[YOUR ASSIGNMENT]
Begin at the line below that has "1044 N ARVADA -- N, Mesa, AZ 85205" and stop after the line that has "forzieri sac michael kors bandouliere". Please restate only those lines, word for word.

[ENTRIES PROVIDED]
......
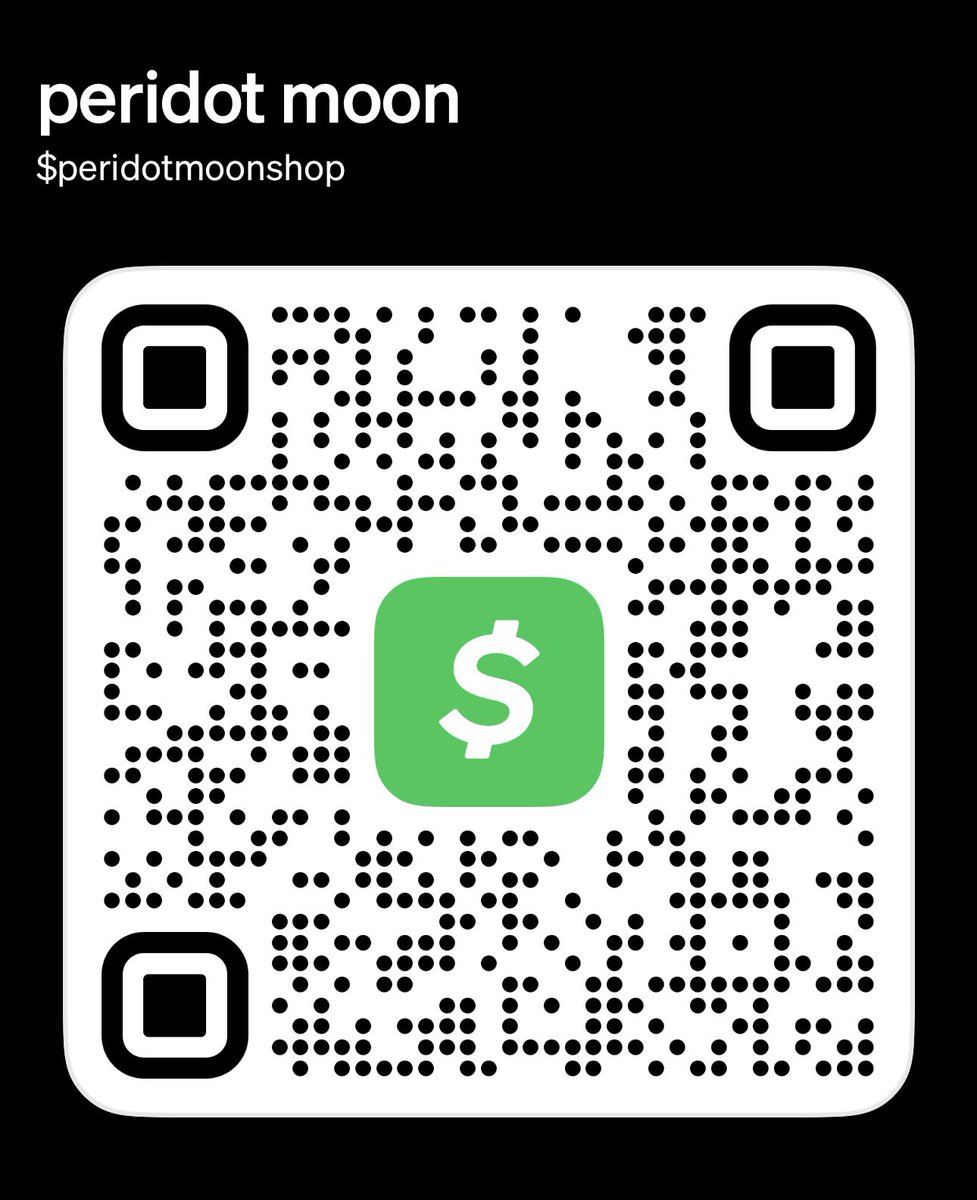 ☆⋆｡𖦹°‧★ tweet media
......
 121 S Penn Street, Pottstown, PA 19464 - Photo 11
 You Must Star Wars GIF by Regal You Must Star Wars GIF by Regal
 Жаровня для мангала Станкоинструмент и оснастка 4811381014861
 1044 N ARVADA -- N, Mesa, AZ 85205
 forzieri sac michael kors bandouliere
......
[WRITTEN SOLUTION]
 1044 N ARVADA -- N, Mesa, AZ 85205
 forzieri sac michael kors bandouliere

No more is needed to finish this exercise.